La sélection de donneurs appropriés est cruciale pour le rétablissement à long terme des patients après une allogreffe de cellules souches hématopoïétiques (allo-HSCT). Principalement, la transplantation d'un donneur frère ou sœur compatible (MSD) est considéré comme le « premier choix ». Elle est associée à un faible risque de mortalité sans rechute (NRM) et de réactions de rejet telles que la maladie aiguë du greffon contre l'hôte (GvHD).
Grâce à des stratégies d'appariement améliorées, à des prétraitements optimisés et à de nouvelles options de prophylaxie contre la GvHD, des donneurs non apparentés appariés (MUD) ou des donateurs non apparentés ne correspondent pas (MMUD), avec des différences HLA mineures, peuvent également être envisagées.

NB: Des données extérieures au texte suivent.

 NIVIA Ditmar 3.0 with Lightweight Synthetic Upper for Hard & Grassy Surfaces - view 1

Des transplantations de cellules souches provenant de donneurs familiaux haplo-identiques dont les caractéristiques HLA ne correspondent que partiellement sont également possibles. En plus des caractéristiques HLA, d'autres attributs du donneur gagnent en importance dans la sélection du donneur. Il y a plus de cinq ans, une étude basée sur plus de 10 000 patients et leurs donneurs de cellules souches non apparentées compatibles HLA a étudié l'influence du sexe biologique, de l'âge et du groupe sanguin. L’étude a montré que seul l’âge du donneur était significativement associé à la survie. L’étude a révélé que le taux de survie à deux ans diminuait d’environ trois pour cent tous les dix ans d’âge du donneur. D'autres études ont suivi dans le but de créer une base décisionnelle fiable et basée sur des données pour sélectionner les donneurs de cellules souches optimaux.

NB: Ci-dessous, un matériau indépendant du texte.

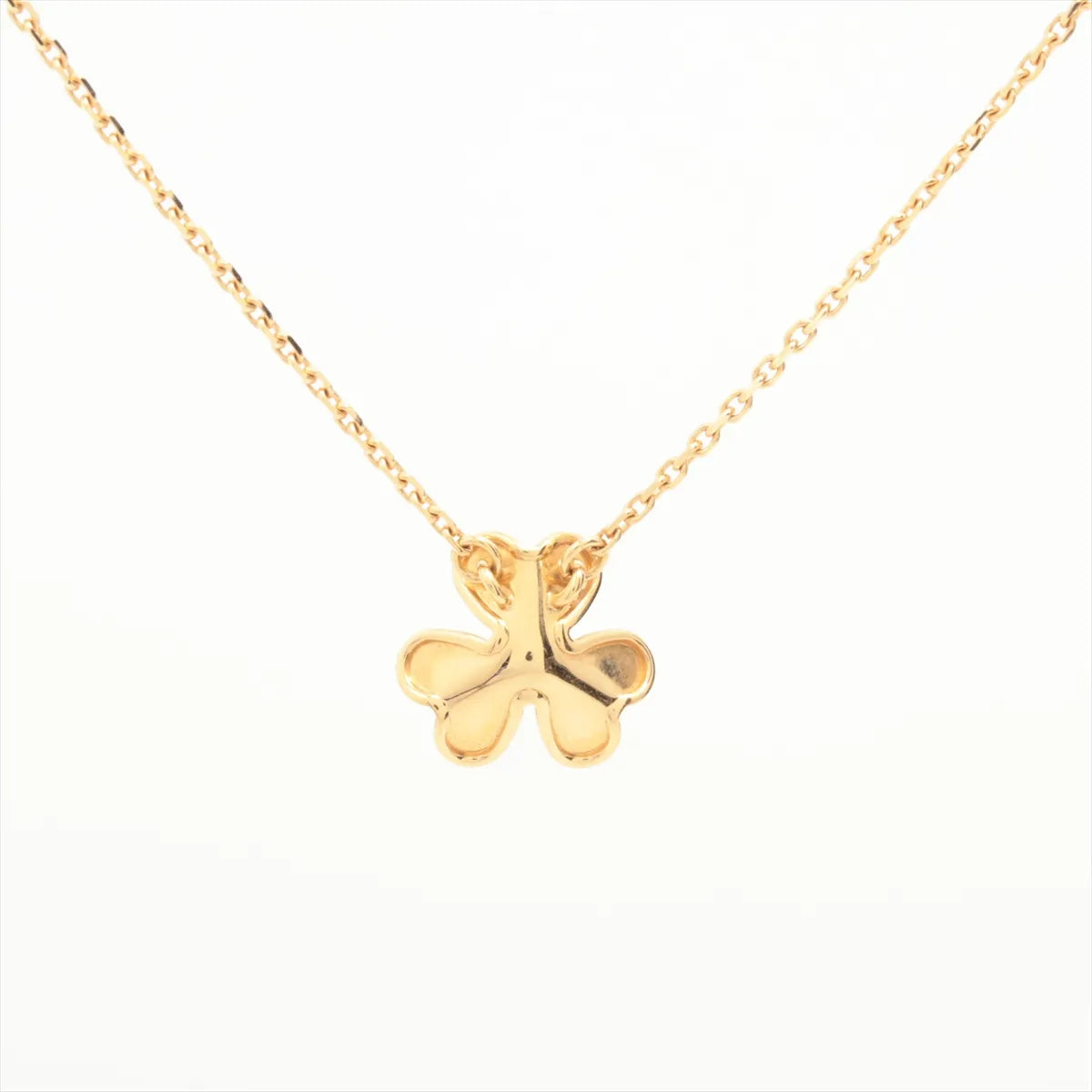 Van Cleef & Arpels Frivole Mini diamond Necklace - photo 2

Le jeune âge et la compatibilité HLA sont un facteur décisif de réussite
La dernière étude rétrospective de registre publiée par le professeur Schetelig et al. en octobre 2025 dans la revue Leucémie confirme désormais que l'âge du donneur joue un rôle majeur dans le succès de la transplantation, plus encore qu'on ne le pensait auparavant. Les résultats ont montré que les patients de plus de 50 ans atteints d’un cancer myéloïde ont de meilleures chances de survie avec une greffe allogénique de cellules souches si les cellules souches proviennent de jeunes donneurs non apparentés, compatibles HLA, que de frères et sœurs plus âgés et identiques à HLA. « Des études supplémentaires doivent être menées pour comprendre la biologie sous-jacente et les différences dans la reconstitution immunitaire », a déclaré Schetelig. Les résultats pourraient influencer la pratique clinique, où le MSD est actuellement souvent préféré au MUD, quel que soit l’âge.
L'étude a examiné 3 460 patients âgés de 50 ans et plus atteints de leucémie myéloïde aiguë (LAM), de syndrome myélodysplasique (SMD), de néoplasme myéloprolifératif (MPN) et de SMD/MPN qui avaient reçu leur première HSCT allogénique. Les patients ont reçu soit un don d'un MSD (1 235) âgé de 50 ans ou plus, soit un MUD âgé de 18 à 35 ans (2 225). Après ajustement multivarié, le groupe MUD a montré une réduction significative du risque par rapport au groupe MSD :
- 14 % de survie sans événement (EFS), p = 0,003
- 18% de survie globale (OS), p < 0,001
- 16% en risque de rechutep = 0,018
Plus la différence d’âge entre deux donneurs est grande, plus l’impact sur la survie est important.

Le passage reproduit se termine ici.